El marido se llamaba Manuel. Pero como había sido emigrante en Alemania lo apodaban Klaus. Había invertido sus ahorros en un bar y una peluquería que regentaba su mujer. Y la Sole pretendía trabajar de peluquera. Objetivo que no consiguió. Aunque no iba descaminada porque Klaus necesitaba grandes dosis de voyeurismo para ponerse a tono.
Dormía en una habitación que había junto a la cocina. Una noche, al volver de la ducha, la encontré desnuda sobre la cama. Al verla me excité de tal manera que la toalla cayó al suelo. Riendo hizo señas para que me acercara. Hicimos el amor en todas las posturas y hasta que dijo basta. “Ojalá mi marido pudiera vernos. Los hombres maduros carecen de la energía de los jóvenes. Necesitan un empuje, ¿no crees?”. “¡Cómo voy a saberlo si sólo tengo quince años!” –exclamé.

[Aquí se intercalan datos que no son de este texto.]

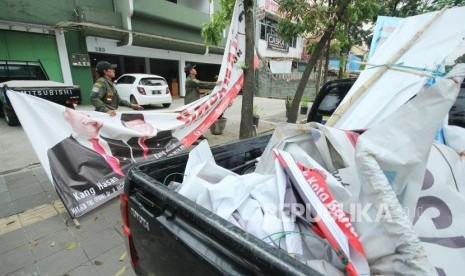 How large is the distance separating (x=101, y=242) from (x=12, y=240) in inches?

Cuando el marido comprendió que no cedería le prohibió bajar a mi habitación. Aunque seguimos viéndonos en la peluquería a la hora del almuerzo. Con ayuda de revistas y cintas pornográficas mi mentalidad pueblerina se fue difuminando. Después de oír y ver la variada oferta comprendí que, en el sexo, el deseo tiene al última palabra.

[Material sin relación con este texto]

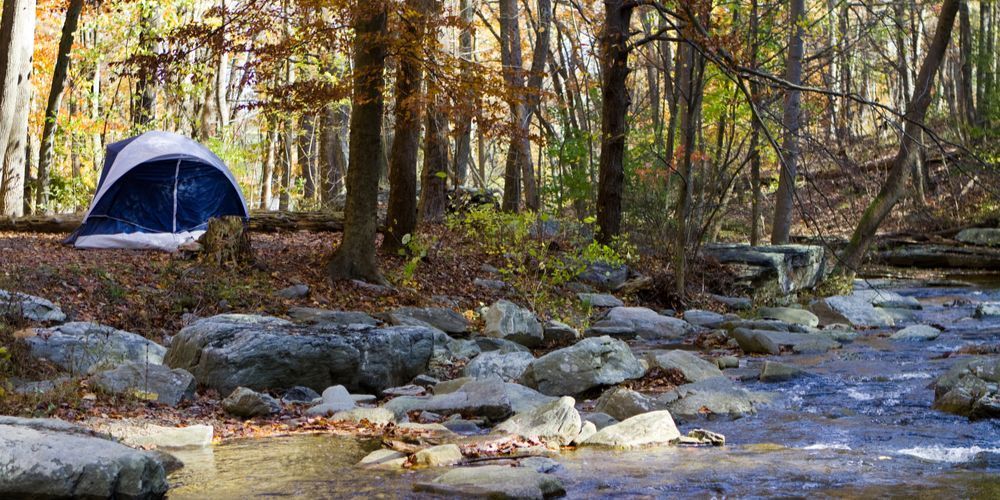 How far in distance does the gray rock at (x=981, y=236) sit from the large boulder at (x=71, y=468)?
2196 centimetres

“Si quiere ver cómo le ponen los cuernos que venga. Pero no sé qué voy a hacer mientras estáis follando” -concluí preocupado. “Sólo quiere mirar” –respondió sin inmutarse.

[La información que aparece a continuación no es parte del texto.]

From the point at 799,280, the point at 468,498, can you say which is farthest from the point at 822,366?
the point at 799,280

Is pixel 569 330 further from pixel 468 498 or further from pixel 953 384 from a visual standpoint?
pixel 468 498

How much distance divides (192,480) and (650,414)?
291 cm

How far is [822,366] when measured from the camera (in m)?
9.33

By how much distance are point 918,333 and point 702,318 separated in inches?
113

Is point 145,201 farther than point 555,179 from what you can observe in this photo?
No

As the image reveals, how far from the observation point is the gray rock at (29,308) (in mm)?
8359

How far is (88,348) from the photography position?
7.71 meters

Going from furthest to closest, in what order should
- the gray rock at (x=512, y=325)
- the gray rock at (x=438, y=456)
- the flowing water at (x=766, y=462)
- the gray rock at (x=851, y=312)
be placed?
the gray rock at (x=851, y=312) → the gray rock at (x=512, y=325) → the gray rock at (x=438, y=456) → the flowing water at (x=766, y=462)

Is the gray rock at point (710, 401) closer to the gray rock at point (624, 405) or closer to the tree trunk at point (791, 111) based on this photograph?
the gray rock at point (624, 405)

Hacíamos el amor en el cuarto de huéspedes. Klaus husmeaba tan cerca que podía sentir su aliento. Cuando se ponía a tono le cedía el puesto. Y yo buscaba consuelo en la cama de la Sole. A veces reaccionaba tan rápidamente que tenía que desahogarme solo.
Desde el primer momento fui consciente de que el menage à trois no duraría. La tormenta estalló la tarde que encontró a Klaus acostado con la Sole. Acostumbrada a que su vida sexual dependiera de ella descubrir que le ponía cuernos fue una desagradable sorpresa. La reacción fue contundente. Teníamos que marcharnos. Klaus, agradecido por haberle devuelto la autonomía perdida, nos dio dinero y una carta para una amiga. “Entregad la nota a Ingrid. Os echará una mano”.